Description of the task:
Quote the records in full and leave their pictures out.
===============
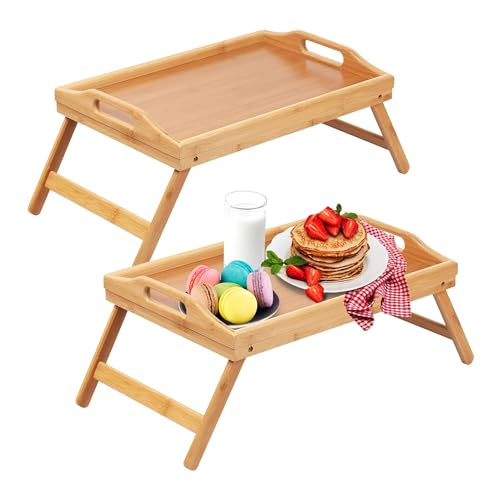 Artmeer Bed Tray Table with Foldable Legs,Bamboo Breakfast Tray with Handles Ideal for Sofa, Bed, Eating,Working,Used As Laptop Desk Snack Tray 2 Pack Bamboo - color: Bamboo-2 Pack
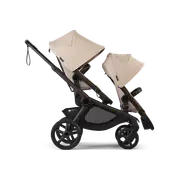 Bugaboo Kangaroo bassinet and seat tandem pram Desert Taupe sun canopy, Desert Taupe fabrics, black chassis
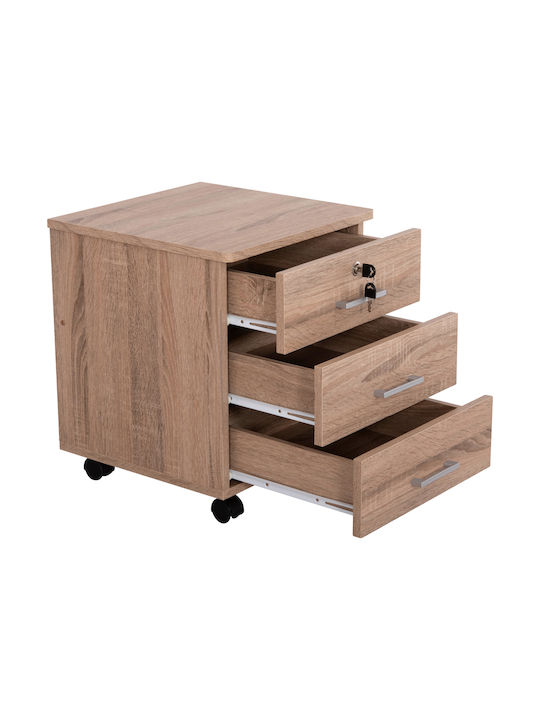 Hayden Office Storage Chipboard Drawer with Wheels, Lock & 3 Drawers Sonama L38xW39.5xH50cm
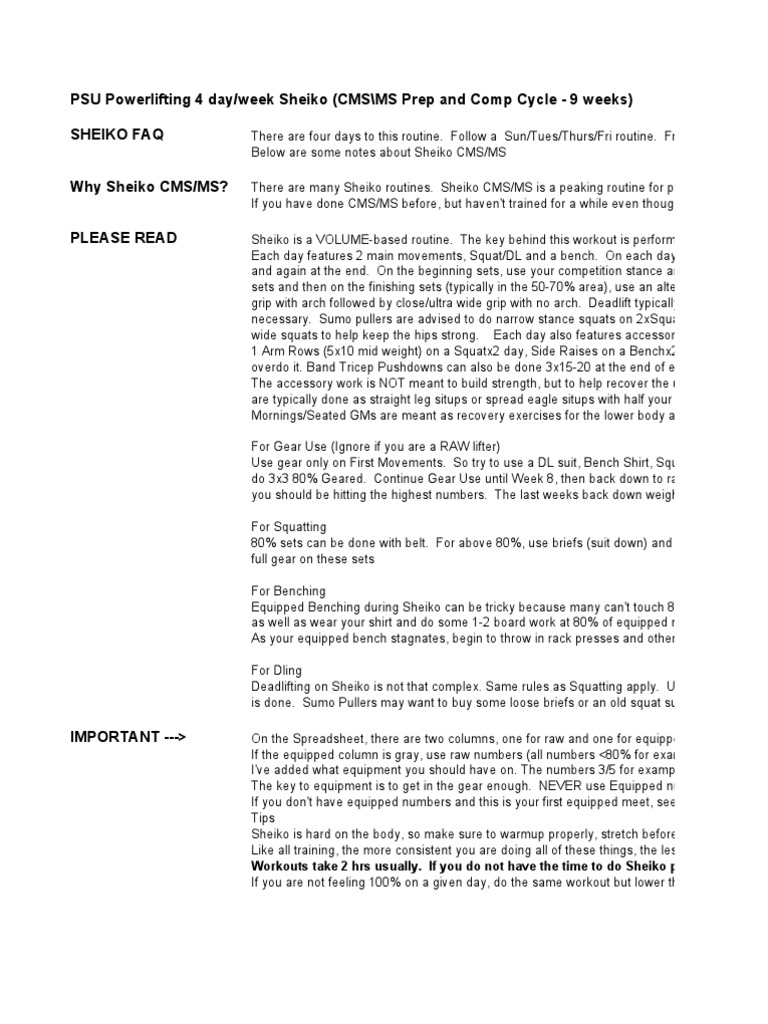 Sheiko 4-Day Powerlifting Program | PDF | Individual Sports | Athletic ...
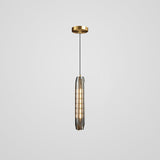 Mini Crystal Pendant Light With Brass Finish For Modern Living Spaces Smoke Gray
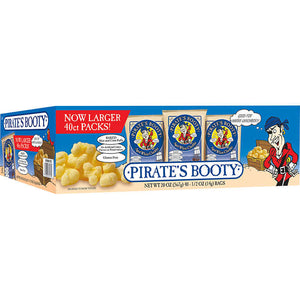 Puffs de arroz y maíz, Pirate's Booty Baked Rice and Corn Puffs, White Cheddar, 0.5 oz, Caja 40 unidades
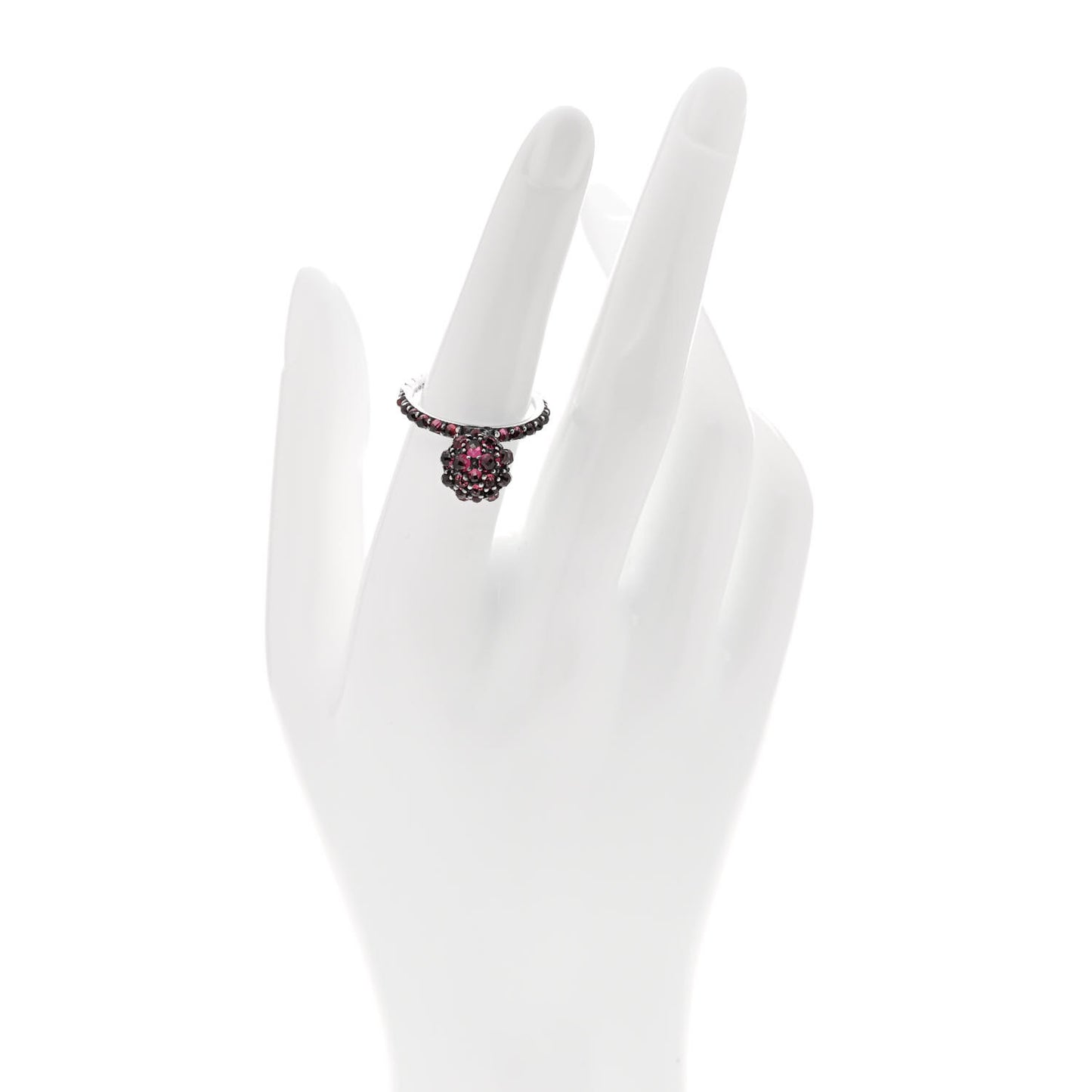 Sterling Silver Rhodolite Garnet Cable Berries Ring 52 6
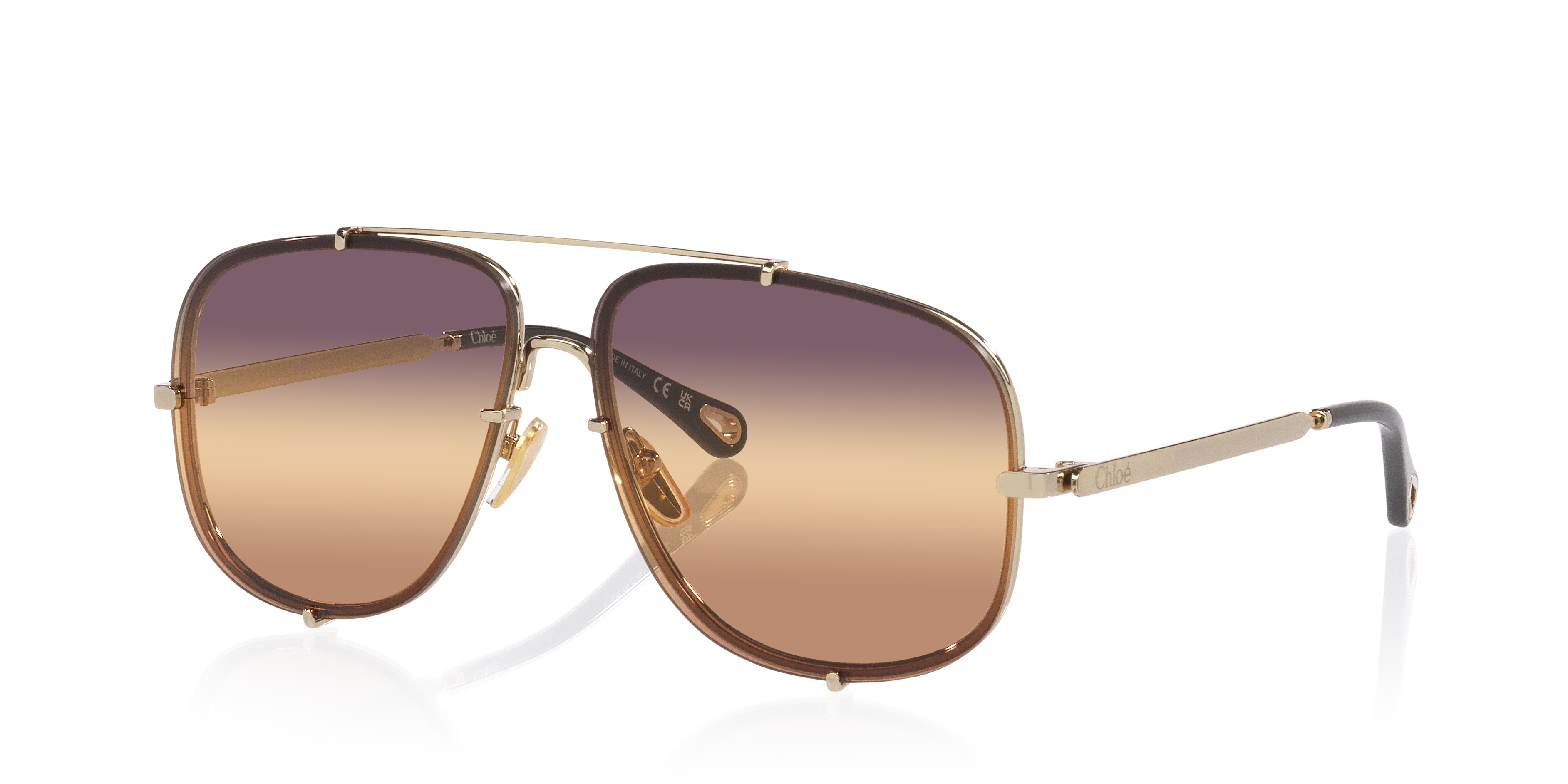 Chloé CH0348S XL (62 - 12) with Pink lenses and Gold frame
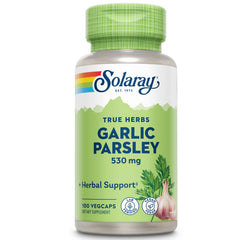 Front view of SOLARAY Garlic Bulb & Parsley Leaf 530mg bottle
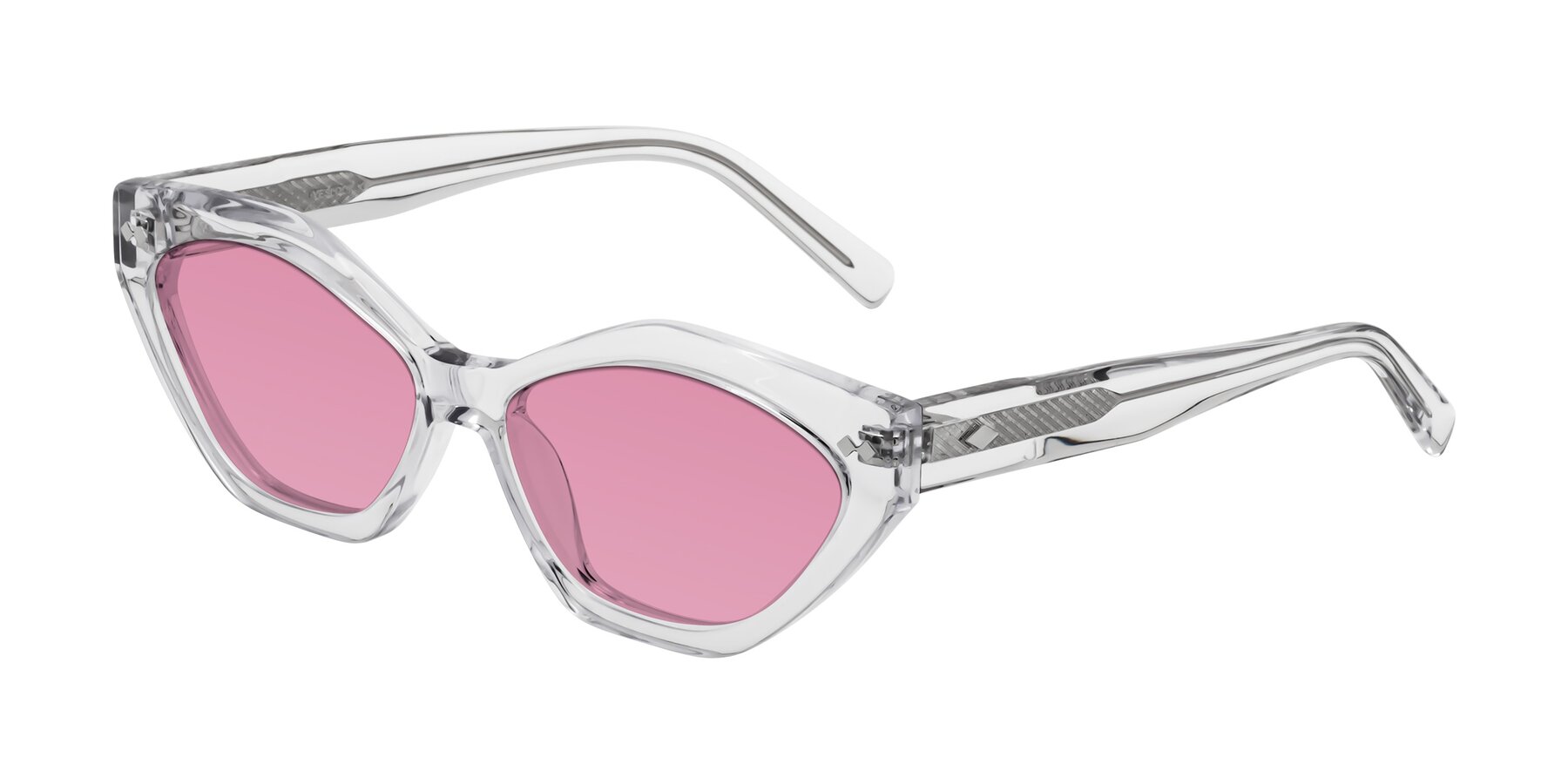 Angle of Delphi in Clear with Medium Wine Tinted Lenses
===============
Written solution:
 Artmeer Bed Tray Table with Foldable Legs,Bamboo Breakfast Tray with Handles Ideal for Sofa, Bed, Eating,Working,Used As Laptop Desk Snack Tray 2 Pack Bamboo - color: Bamboo-2 Pack
 Bugaboo Kangaroo bassinet and seat tandem pram Desert Taupe sun canopy, Desert Taupe fabrics, black chassis
 Hayden Office Storage Chipboard Drawer with Wheels, Lock & 3 Drawers Sonama L38xW39.5xH50cm
 Sheiko 4-Day Powerlifting Program | PDF | Individual Sports | Athletic ...
 Mini Crystal Pendant Light With Brass Finish For Modern Living Spaces Smoke Gray
 Puffs de arroz y maíz, Pirate's Booty Baked Rice and Corn Puffs, White Cheddar, 0.5 oz, Caja 40 unidades
 Sterling Silver Rhodolite Garnet Cable Berries Ring 52 6
 Chloé CH0348S XL (62 - 12) with Pink lenses and Gold frame
 Front view of SOLARAY Garlic Bulb & Parsley Leaf 530mg bottle
 Angle of Delphi in Clear with Medium Wine Tinted Lenses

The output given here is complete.